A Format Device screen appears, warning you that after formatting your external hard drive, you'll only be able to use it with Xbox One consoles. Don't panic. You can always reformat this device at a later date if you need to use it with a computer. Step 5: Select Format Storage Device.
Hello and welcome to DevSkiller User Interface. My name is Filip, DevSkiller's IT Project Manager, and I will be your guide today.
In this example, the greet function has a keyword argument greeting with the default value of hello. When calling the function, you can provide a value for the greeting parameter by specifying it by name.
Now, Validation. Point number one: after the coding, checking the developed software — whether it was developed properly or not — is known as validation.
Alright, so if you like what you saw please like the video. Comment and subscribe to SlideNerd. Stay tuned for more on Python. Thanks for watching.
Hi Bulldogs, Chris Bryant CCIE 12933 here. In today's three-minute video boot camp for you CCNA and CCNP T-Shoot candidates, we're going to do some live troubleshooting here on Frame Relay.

--

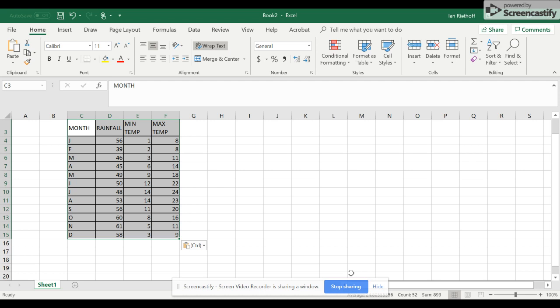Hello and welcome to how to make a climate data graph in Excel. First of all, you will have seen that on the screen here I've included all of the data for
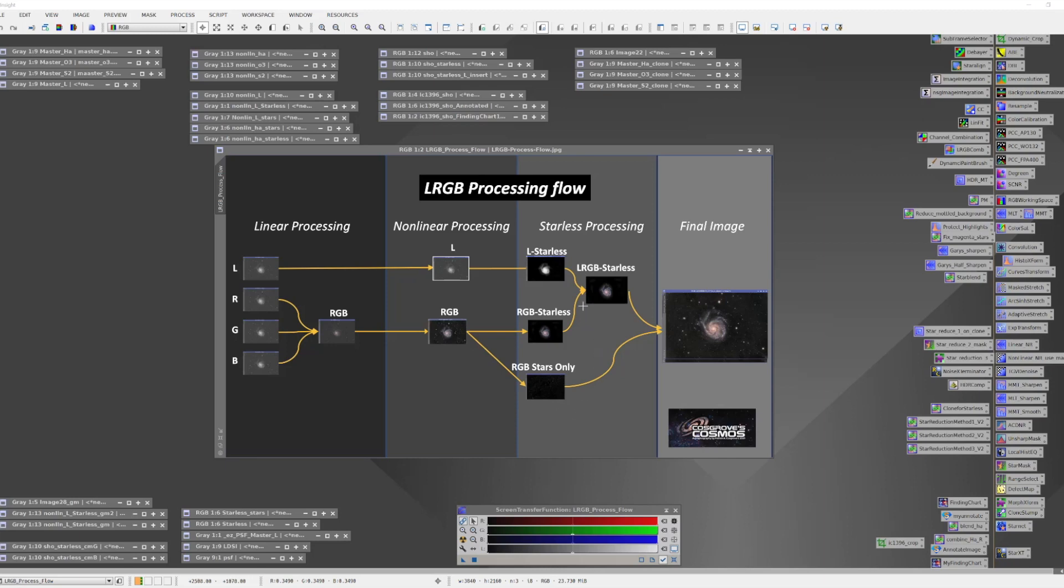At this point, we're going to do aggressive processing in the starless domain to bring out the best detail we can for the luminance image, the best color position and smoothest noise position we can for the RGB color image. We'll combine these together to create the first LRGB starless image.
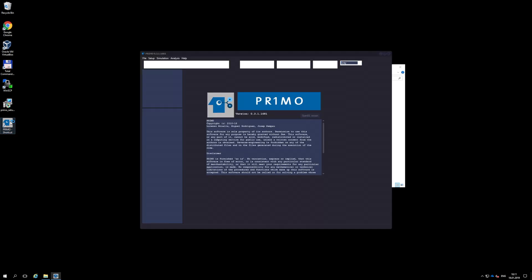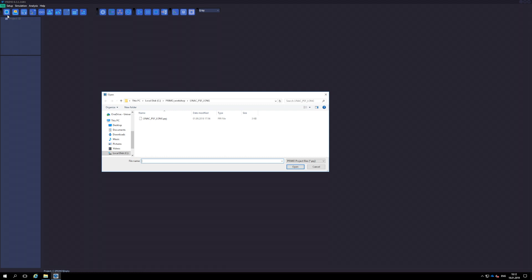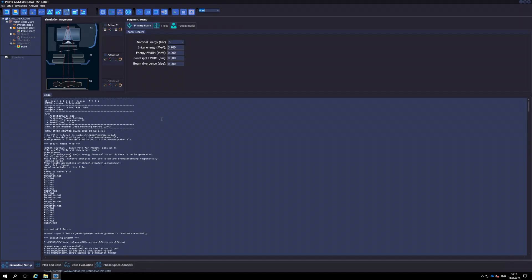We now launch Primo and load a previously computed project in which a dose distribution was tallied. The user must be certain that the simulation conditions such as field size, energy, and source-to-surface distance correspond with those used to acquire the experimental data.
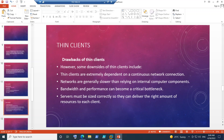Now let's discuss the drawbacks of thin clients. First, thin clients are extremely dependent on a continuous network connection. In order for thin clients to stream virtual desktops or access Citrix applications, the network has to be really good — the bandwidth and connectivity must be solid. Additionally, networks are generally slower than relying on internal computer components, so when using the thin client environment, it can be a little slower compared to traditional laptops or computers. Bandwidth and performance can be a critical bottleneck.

* * *

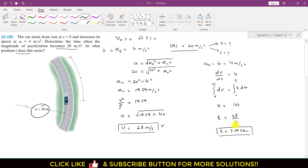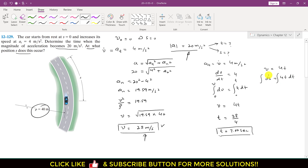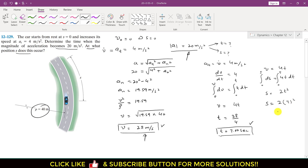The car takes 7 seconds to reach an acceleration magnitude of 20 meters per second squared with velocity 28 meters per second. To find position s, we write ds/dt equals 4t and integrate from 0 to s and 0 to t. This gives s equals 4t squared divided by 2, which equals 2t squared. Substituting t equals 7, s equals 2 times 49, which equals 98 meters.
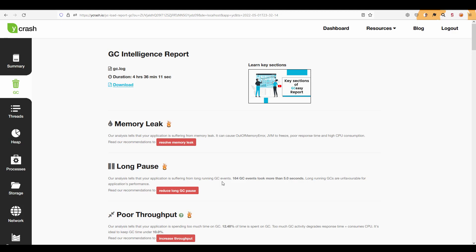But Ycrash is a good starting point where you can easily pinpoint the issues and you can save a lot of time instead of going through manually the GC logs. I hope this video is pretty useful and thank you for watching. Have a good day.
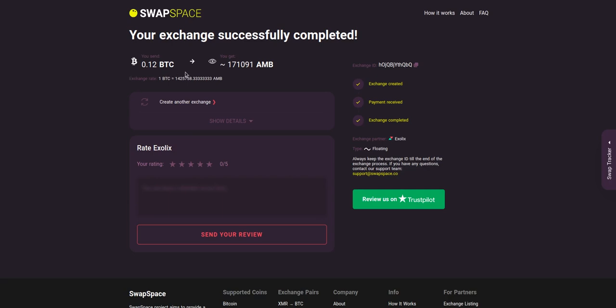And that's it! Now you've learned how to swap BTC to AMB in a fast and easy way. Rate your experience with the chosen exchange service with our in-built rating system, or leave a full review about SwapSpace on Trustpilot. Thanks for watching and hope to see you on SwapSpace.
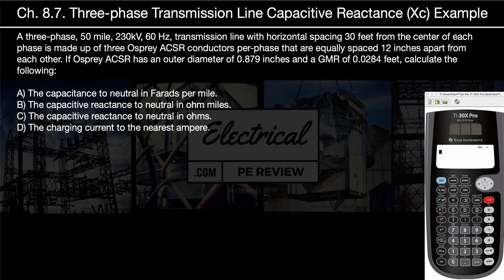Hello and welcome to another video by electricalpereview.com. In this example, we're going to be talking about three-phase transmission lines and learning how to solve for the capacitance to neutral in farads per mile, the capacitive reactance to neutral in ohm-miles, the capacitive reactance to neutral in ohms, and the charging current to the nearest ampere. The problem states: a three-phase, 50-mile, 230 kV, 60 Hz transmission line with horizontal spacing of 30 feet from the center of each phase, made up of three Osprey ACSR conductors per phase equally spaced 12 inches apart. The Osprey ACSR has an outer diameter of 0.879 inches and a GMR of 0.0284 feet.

■ **Problem**: The lines above from the one containing "Now, Validation. Point" through the one containing "Hi Bulldogs, Chris" are to be set down exactly, and no others.

■ **Written response**:
Now, Validation. Point number one: after the coding, checking the developed software — whether it was developed properly or not — is known as validation.
Alright, so if you like what you saw please like the video. Comment and subscribe to SlideNerd. Stay tuned for more on Python. Thanks for watching.
Hi Bulldogs, Chris Bryant CCIE 12933 here. In today's three-minute video boot camp for you CCNA and CCNP T-Shoot candidates, we're going to do some live troubleshooting here on Frame Relay.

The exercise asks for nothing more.